- Born: 1882
- Died: 1955 (aged 72–73)

Academic background
- Education: Mercer's School, City and Guilds Central Technical College,

= Arthur Allan Gomme =

Gomme, Arthur Allan (1882–1955), librarian and historian of technology

Arthur Allan Gomme (1882-1955) was a British librarian, historian of technology and folklorist.

== Early life and education ==
Arthur Allan Gomme was born in 1882, the third son of Sir (George) Laurence Gomme (1853–1916) and his wife, Alice Bertha Gomme, (1853–1938), both of whom had been pioneering folklorists.

He was educated at Mercer's School from 1895 to 1900 before training in engineering at the City and Guilds Central Technical College (then the Royal College of Science).  There Gomme gained a first class diploma and the Siemens Memorial medal for Electrical Engineering.

== Career ==
In 1904 Gomme joined the Patent Office as an Examiner. Gomme served with the 2nd battalion, Royal Fusiliers (university and public schools division) during the First World War. In 1919 he rejoined the Patent Office, and was appointed Librarian to the Patent Office in 1920, a role in which he held until his retirement in 1944.  He was awarded the MBE in 1930.

== Interests ==
In 1920 Gomme joined the Newcomen Society, becoming a member of the society's council in 1925. Gomme served for thirty years as a council member was and vice-president in 1953. Gomme contributed papers on the history of patents to Transactions of the Newcomen Society, as well as compiling for the journal, an 'Analytical bibliography of the history of engineering and applied science (written with E. Wyndham Hume, his predecessor at the Patent Office library).

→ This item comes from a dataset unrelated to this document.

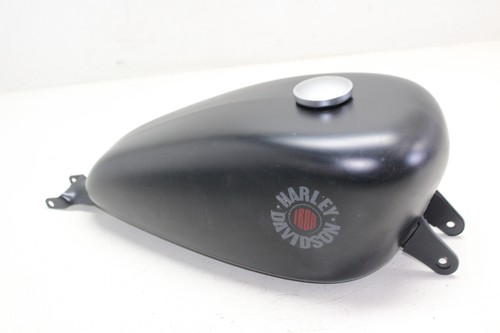 2021 2022 harley davidson - 2021-2022, iron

In 1948 Gomme published Patents of Invention: Origin and Growth of the Patent System in Britain and in 1950 co-compiled a catalogue of the designs of the engineer John Smeaton.

Like his parents, Gomme was active in the field of folklore, served on the council of the Folklore Society from 1911 until his death, and acting as president between 1952 and 1953. As with his mother, Lady Gomme, Allan Gomme was active in Florence White's English Folk Cookery Association, serving from 1928 to 1935 as Chairman of its Advisory Council. In Good Things in England, White recommended that those who might have cookery books and manuscripts in need of a home allow Allan Gomme to acquire them for the Patent Office Library as it "has already the nucleus of a very fine collection of Old English Cookery Books."

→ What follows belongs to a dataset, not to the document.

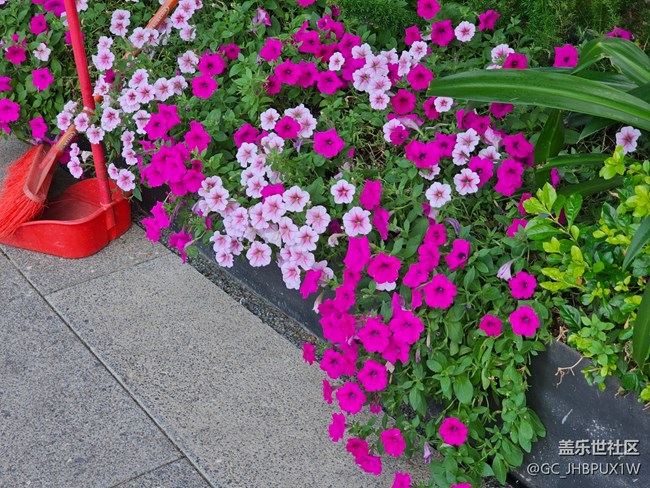 【生活碎片】人行天橋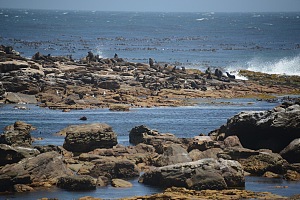 Cape of Good Hope 3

Gomme was closely involved in the history of the theatre: he was a member of the British Drama League, the Elizabethan Stage Society and a founder member of the Society for Theatre Research.

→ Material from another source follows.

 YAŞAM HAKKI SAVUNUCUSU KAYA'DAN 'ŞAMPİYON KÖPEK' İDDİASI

== Selected publications ==

- Gomme, Arthur Allan; British Council (1948). Patents of invention: origin and growth of the patent system in Britain. London: Longmans, Green & Co. for British Council and National Book League. OCLC 786350743.
- Newcomen Society (Great Britain); Dickinson, H. W; Gomme, Arthur Allan; Farey, John; Royal Society (Great Britain); Library (1950). A catalogue of the civil and mechanical engineering designs, 1741-1792. London: Printed by the Courier Press. OCLC 28477297.
- Gomme, Allan (1952). "The Folk-Lore Society: Whence and Whither". Folklore. 63 (1): 1–18. doi:10.1080/0015587X.1952.9718086. ISSN 0015-587X.
- Gomme, Allan (1953-06-01). "The Collection of English Folklore : Ways and Means". Folklore. 64 (2): 321–333. doi:10.1080/0015587X.1953.9717356. ISSN 0015-587X.